The remains of burned bins and flower pots, chunks of brick and broken bottles lay scattered along the world-famous Nathan Road shopping strip later on Tuesday morning. A taxi with shattered windows was parked nearby.
The clashes broke out after police moved in to clear "hawkers", or illegal vendors who sell local delicacies, trinkets and household goods from makeshift streetside stalls.
The hawkers, a common sight on Hong Kong's bustling streets, quickly attracted a strong social media following under the hashtag #FishballRevolution.
Hong Kong Chief Executive Leung Chun-ying told reporters at a hastily called news conference that the city's government strongly condemned the violence.
Secretary for Security Lai Tung-kwok said police were investigating "indications" that the clashes had been organized. When asked about the warning shots, Lai said police had taken all necessary actions.
"Not the first time"
The protesters had dispersed by 8 a.m. local time (7.00 p.m. ET) but more than 100 had confronted police in a tense, pre-dawn stand-off during the Lunar New Year holiday, when most of the city is shut down.
Police told Reuters they were awaiting orders about security plans for Tuesday night.
Paul Lee, a 65-year-old security guard, said: "This is not the first time there has been violence in Mong Kok."
"I am deeply disappointed in the government," he said.
The underground train station for Mong Kok, a bustling shopping district packed with street markets, shops and high-rise residential buildings, was closed temporarily.

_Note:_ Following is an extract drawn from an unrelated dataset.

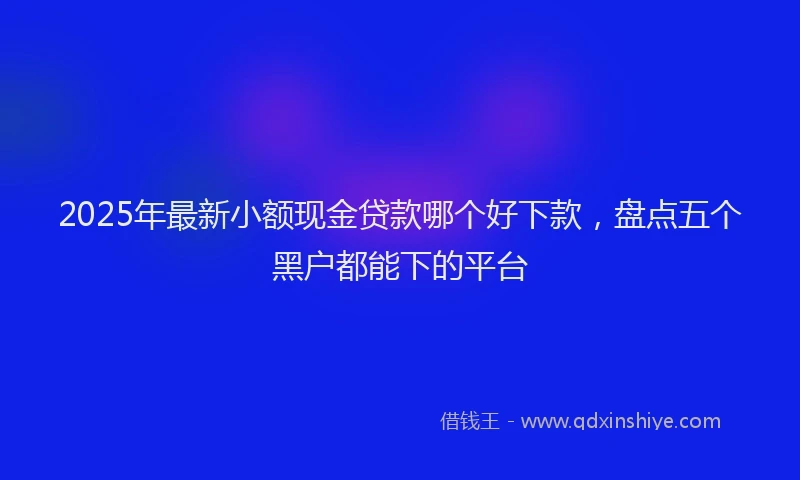 2025年最新小额现金贷款哪个好下款，盘点五个黑户都能下的平台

The narrow streets in and around Mong Kok were the scene of some of the most violent clashes during protests in late 2014 to demand greater democracy in the former British colony that returned to Beijing rule in 1997.
Tuesday's clashes, however, appeared more violent.
Hong Kong Indigenous, a "localist" group that is fielding a candidate in a Legislative Council by-election in a few weeks, was involved in the protest, the South China Morning Post newspaper reported.
The group said on its official Facebook page that its candidate, Edward Leung Tin-kei, had been arrested. They could not be reached immediately by telephone to confirm his arrest.
Hong Kong police declined to comment on who had been involved in the protests or to confirm who had been arrested.
Many so-called localists remain deeply embittered by the lack of any concessions from Beijing or Hong Kong authorities during the pro-democracy protests. Television footage showed protesters on Tuesday shouting: "Establish a Hong Kong country!" during running battles with the police.
Radical protesters and "localists" demanding greater Hong Kong autonomy have vowed to keep fighting even as China shows signs of tightening its grip.
The clashes in December 2014 came when authorities cleared the last of pro-democracy demonstrators from the streets after more than two months of protests that had posed one of the Beijing's greatest political challenges in decades.